会話の終わりが上映の始まりだった。照明が落ちるとともに正面を向き直る。

映画の内容は予告やあらすじ以上に性的な表現が多かった。途中でたまに心配になり横を見るが、こちらが気を使いすぎていると勘違いしそうになるほど何も変化はなかった。まるで自分だけが思春期の高校生に戻ったようだった。勝手に気まずくなりそうだと勘違いして、恥ずかしくなる。自分もまだ若いかもしれない、と勝手に結論づけ視点を正面に戻す。映画の中の男は亡くなった恋人の幻想を追いかけ、一人で思い出の場所を旅していた。
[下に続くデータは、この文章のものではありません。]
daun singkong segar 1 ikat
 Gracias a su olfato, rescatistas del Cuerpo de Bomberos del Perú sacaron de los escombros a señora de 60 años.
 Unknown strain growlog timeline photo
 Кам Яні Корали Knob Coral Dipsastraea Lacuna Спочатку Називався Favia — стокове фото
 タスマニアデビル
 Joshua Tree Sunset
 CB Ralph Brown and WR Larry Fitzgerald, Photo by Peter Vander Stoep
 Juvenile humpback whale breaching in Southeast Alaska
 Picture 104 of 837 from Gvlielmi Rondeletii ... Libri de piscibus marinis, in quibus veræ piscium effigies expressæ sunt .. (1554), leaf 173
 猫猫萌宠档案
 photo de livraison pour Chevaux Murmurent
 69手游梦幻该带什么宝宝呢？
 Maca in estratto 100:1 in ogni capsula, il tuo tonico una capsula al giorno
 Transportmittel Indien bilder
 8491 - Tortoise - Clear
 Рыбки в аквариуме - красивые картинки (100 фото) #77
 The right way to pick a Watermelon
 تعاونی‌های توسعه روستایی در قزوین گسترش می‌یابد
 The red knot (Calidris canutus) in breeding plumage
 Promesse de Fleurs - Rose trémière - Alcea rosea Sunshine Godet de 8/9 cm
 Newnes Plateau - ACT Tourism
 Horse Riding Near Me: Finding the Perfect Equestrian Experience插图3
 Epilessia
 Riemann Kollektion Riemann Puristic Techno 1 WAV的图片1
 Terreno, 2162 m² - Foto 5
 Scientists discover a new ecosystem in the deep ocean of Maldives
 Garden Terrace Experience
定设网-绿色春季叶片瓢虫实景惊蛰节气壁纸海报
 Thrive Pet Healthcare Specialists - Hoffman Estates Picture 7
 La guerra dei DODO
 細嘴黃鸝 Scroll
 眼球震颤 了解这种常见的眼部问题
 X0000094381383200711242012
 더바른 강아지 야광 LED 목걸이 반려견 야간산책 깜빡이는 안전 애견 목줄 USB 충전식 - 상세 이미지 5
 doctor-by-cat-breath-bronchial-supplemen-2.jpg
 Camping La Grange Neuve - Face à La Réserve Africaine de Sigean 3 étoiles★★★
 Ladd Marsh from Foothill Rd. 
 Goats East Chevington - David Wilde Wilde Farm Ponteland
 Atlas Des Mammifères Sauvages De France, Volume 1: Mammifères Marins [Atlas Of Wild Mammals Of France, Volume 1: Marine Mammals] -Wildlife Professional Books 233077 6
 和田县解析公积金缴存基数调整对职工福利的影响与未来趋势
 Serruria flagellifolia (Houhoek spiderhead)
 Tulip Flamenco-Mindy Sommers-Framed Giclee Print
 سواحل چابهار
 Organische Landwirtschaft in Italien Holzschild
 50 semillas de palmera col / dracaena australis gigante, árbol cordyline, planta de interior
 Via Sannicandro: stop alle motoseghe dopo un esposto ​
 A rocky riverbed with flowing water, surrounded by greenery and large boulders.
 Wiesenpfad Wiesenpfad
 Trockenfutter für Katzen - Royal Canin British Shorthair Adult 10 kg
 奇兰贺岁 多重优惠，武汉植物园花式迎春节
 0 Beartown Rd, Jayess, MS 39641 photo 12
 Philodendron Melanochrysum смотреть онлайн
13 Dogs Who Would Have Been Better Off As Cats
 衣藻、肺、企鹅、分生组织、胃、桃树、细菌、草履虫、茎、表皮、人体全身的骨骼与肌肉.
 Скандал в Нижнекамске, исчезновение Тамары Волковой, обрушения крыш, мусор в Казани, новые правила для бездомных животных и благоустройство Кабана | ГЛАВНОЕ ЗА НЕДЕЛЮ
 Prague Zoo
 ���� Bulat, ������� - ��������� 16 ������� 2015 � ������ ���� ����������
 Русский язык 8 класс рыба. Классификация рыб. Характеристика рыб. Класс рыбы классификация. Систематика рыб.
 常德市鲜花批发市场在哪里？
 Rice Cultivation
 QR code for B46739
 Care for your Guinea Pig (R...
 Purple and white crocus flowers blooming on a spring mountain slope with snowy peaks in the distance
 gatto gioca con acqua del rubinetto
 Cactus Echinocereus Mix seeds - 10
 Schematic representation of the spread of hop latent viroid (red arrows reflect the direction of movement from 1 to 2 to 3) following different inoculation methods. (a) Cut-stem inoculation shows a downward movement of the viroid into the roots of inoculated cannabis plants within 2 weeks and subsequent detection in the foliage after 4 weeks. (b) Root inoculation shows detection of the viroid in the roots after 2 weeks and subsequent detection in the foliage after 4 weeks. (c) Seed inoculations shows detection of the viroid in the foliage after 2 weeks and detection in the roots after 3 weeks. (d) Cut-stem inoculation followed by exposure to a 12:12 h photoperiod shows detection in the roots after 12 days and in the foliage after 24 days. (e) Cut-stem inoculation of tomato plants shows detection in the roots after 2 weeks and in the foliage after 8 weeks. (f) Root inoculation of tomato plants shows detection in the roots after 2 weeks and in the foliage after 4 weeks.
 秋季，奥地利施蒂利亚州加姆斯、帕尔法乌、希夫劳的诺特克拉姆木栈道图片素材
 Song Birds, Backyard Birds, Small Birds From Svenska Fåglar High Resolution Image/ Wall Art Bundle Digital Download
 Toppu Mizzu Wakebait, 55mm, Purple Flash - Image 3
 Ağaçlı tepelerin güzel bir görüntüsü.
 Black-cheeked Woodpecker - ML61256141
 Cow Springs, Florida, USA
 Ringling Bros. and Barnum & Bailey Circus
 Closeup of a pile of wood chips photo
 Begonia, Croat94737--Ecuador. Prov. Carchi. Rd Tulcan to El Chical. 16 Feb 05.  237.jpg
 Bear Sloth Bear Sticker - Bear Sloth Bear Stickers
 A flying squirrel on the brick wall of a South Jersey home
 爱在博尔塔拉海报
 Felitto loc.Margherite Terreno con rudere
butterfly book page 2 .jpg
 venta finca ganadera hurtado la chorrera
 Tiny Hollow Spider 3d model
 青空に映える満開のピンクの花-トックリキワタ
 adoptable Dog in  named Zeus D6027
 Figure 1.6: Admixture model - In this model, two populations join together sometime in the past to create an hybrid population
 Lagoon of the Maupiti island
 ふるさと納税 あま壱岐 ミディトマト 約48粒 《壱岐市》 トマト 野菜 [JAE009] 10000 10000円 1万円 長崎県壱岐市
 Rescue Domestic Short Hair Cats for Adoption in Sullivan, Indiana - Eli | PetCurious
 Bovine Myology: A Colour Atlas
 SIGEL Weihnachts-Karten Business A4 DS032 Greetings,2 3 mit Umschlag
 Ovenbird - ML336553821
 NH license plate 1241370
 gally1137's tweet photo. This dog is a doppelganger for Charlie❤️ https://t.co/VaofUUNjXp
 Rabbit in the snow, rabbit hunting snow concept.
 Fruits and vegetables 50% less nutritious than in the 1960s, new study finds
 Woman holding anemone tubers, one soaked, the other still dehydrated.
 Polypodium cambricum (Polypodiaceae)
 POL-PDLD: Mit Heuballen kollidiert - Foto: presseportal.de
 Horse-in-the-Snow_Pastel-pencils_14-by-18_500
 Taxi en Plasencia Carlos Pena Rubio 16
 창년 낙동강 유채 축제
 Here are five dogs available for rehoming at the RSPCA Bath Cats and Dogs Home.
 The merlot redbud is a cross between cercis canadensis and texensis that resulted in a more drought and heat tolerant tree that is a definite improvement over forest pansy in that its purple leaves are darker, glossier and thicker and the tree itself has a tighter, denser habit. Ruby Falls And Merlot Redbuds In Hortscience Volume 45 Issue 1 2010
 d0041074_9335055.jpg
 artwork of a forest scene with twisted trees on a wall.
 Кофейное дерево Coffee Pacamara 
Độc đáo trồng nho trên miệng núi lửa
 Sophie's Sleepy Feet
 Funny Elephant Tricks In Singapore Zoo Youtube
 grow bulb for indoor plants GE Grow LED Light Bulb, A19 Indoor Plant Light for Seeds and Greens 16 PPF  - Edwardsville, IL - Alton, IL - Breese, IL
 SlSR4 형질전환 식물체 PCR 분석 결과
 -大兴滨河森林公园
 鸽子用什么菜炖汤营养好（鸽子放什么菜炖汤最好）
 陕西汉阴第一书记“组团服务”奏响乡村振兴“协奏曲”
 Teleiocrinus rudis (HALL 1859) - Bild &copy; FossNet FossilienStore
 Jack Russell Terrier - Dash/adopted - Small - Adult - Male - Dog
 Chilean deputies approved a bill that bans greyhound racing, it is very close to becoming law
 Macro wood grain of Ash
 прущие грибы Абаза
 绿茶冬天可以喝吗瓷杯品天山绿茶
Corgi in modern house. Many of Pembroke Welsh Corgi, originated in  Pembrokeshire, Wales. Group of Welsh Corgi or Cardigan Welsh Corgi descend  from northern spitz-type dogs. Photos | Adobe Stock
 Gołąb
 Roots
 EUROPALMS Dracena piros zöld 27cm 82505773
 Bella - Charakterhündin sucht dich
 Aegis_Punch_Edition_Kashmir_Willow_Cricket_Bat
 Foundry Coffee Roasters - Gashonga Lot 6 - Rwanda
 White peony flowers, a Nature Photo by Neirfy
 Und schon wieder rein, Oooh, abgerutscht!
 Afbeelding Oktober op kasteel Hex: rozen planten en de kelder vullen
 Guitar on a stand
道中で何度も蘇る感情が彼を幸せの苦しみへと縛り付けていった。物語が進むほど精神の正気を失っていく男は見ているこちらも苦しくなるようだった。大切な人ほど、失った実感を受け入れるのは難しい。特に彼は恋人の最後に立ち会えなかった。治らない病気にかかり、迷惑をかけたくないと彼に恋人が伝えなかったのだった。ドラマやアニメでよくあるシナリオだが、そのすべてがハッピーエンドになるとは限らない。この映画の男のようにその優しさが永遠の苦しみを生むこともある。

映画が終わり視界が明るくなる。鮮明に見えた彼女は水分の多い瞳をこちらに向けていた。

「めっちゃ泣いた。」

「言わなくてもわかる。落ち着いたら出ようぜ。」

小さく頷いた彼女の肩を優しく叩く。いつも笑顔溢れる顔が涙に濡れている。新たな一面を見ることができたようで嬉しいと感じてしまった。傍らにあるポップコーンは綺麗に完食されていた。それも昔を思い出させる影で、慰めるように撫でる肩に力が入る。変化が大きくないというのが、これほどまで嬉しいとは、まるで心が若返っているようだった。

彼女が案外落ち着くのは早く、まだ劇場内に人が残っているうちに退場することになった。お昼前に見始めたため、終わった今はすでに昼食時間を過ぎていた。

「昼飯食べるか?」

「今はいいかも。ポップコーン食べたしそんなにお腹すいてない。夜ご飯の材料買わないとだね。」

そうだな、と言いホテルへ戻る途中にスーパーへ寄ることにした。籠を片手に商品を見ながら話しかける。

「何作るんだよ。俺そんなに料理できないけど。」

「そうだっけ。でもキャリーケースの中のカップ麺を見る限りじゃ、それも納得できるわ。それじゃあ、何食べたい?」

「何でもいい。」

はいきたー。と指を指しながら彼女は、それが一番迷惑だと指した指で腕をつついてくる。

「どうせ俺の金なんだからお前の好きなもん作ればいいだろ。俺に食べさせたいやつとかないのかよ。」

「いいの?」

「いいよ。んで、何作るんだ。」

別に、今更食の好みがわからないわけでもないのだ。どちらかと言えば、知りすぎているほどの仲であるため、意地悪でもしない限り失敗することはないだろう。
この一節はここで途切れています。